__Data extracts__.
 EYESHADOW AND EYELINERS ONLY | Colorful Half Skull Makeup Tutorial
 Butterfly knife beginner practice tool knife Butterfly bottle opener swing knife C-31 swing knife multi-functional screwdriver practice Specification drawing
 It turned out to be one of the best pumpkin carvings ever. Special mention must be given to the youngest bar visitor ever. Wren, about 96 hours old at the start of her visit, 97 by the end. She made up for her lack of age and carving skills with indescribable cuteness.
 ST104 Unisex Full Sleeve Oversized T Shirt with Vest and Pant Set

* * *

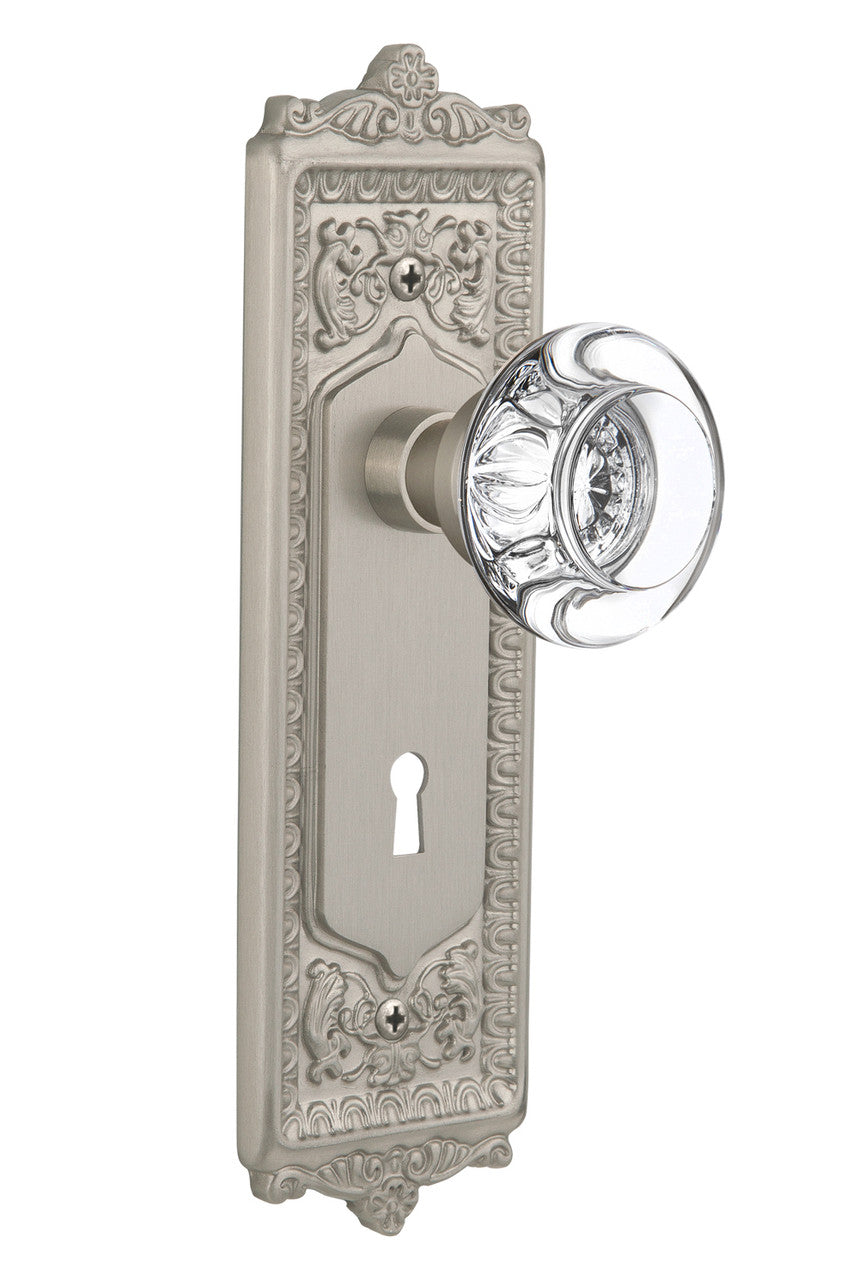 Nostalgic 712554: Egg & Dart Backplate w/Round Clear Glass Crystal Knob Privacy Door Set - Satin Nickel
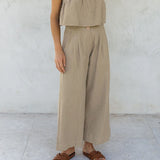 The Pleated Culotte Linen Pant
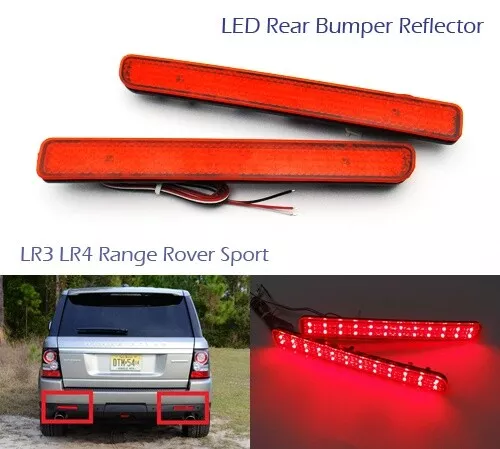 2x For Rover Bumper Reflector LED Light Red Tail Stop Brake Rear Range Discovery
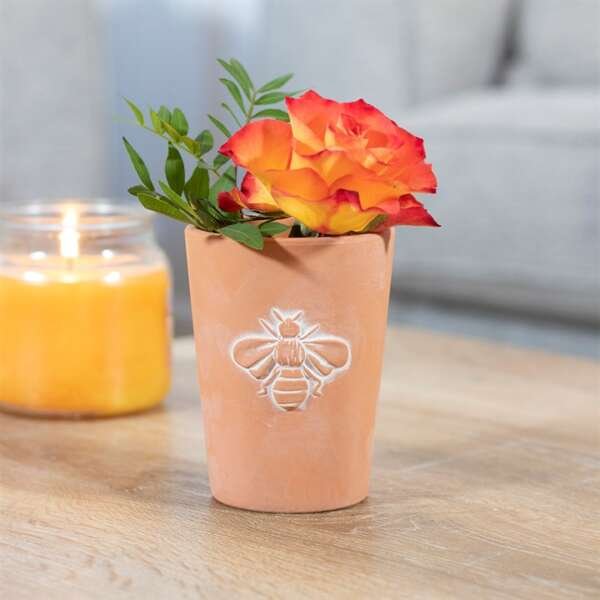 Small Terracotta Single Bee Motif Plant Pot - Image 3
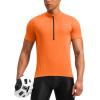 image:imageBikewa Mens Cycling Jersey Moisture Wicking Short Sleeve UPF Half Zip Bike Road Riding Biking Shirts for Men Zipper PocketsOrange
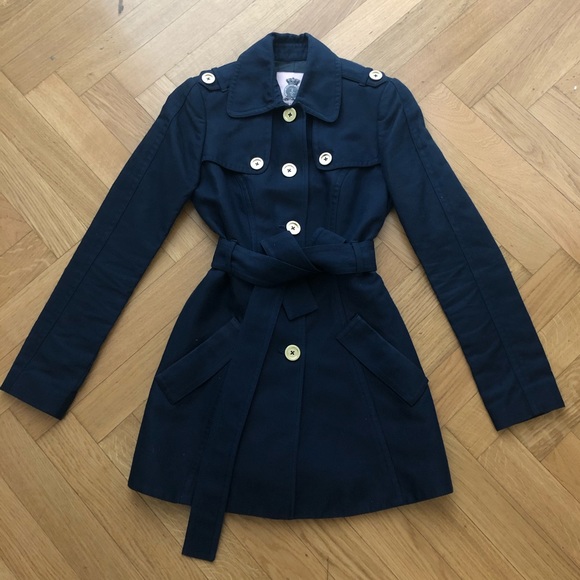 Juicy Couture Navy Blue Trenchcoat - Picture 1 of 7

---

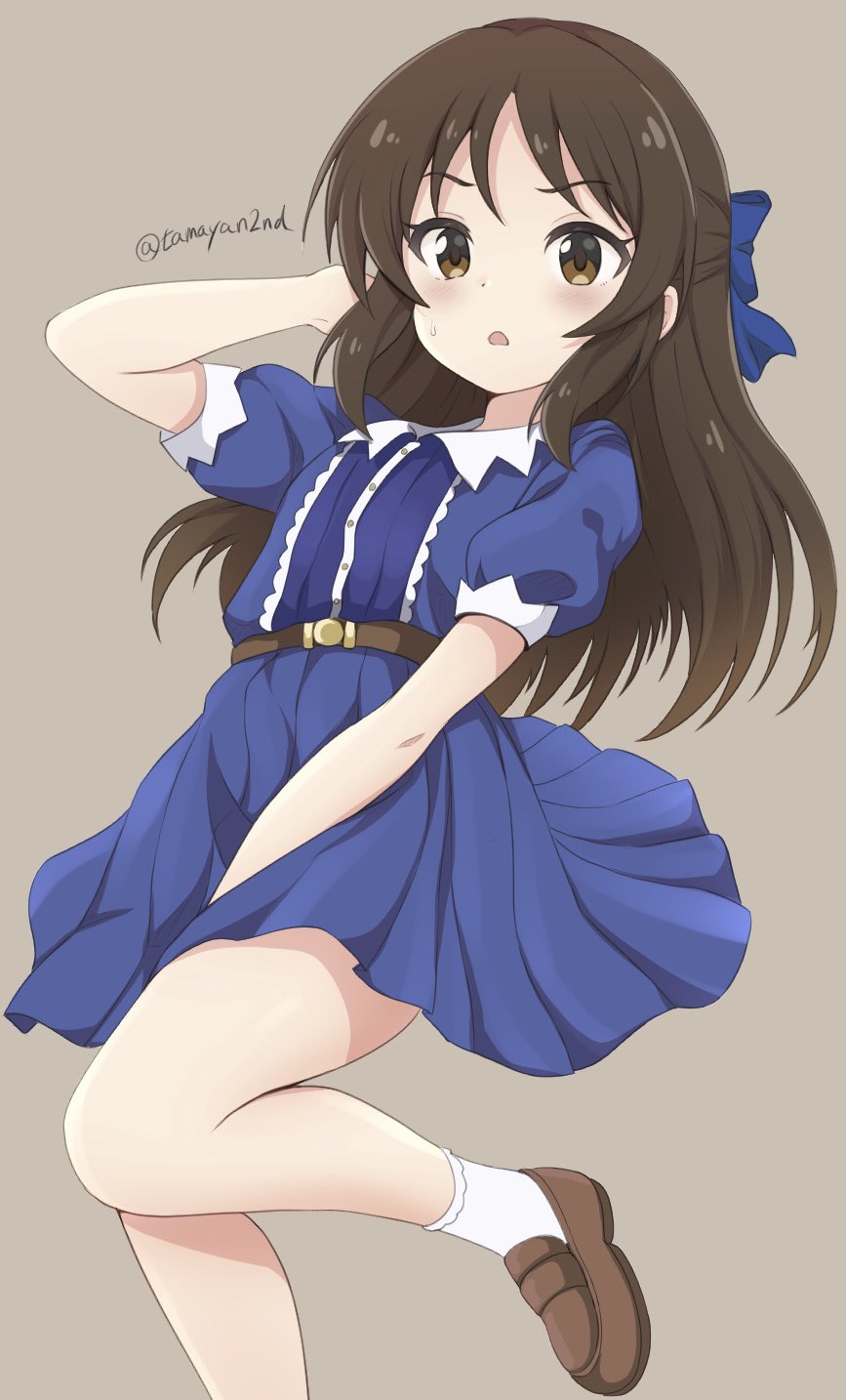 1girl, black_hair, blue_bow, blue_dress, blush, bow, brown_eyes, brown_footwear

__Problem to solve__. Taking the lines above, repeat exactly those from the line that contains "EYESHADOW AND EYELINERS" through the line that contains "ST104 Unisex Full", and both of those lines as well. Include nothing else.

__Answer to this exercise__.
 EYESHADOW AND EYELINERS ONLY | Colorful Half Skull Makeup Tutorial
 Butterfly knife beginner practice tool knife Butterfly bottle opener swing knife C-31 swing knife multi-functional screwdriver practice Specification drawing
 It turned out to be one of the best pumpkin carvings ever. Special mention must be given to the youngest bar visitor ever. Wren, about 96 hours old at the start of her visit, 97 by the end. She made up for her lack of age and carving skills with indescribable cuteness.
 ST104 Unisex Full Sleeve Oversized T Shirt with Vest and Pant Set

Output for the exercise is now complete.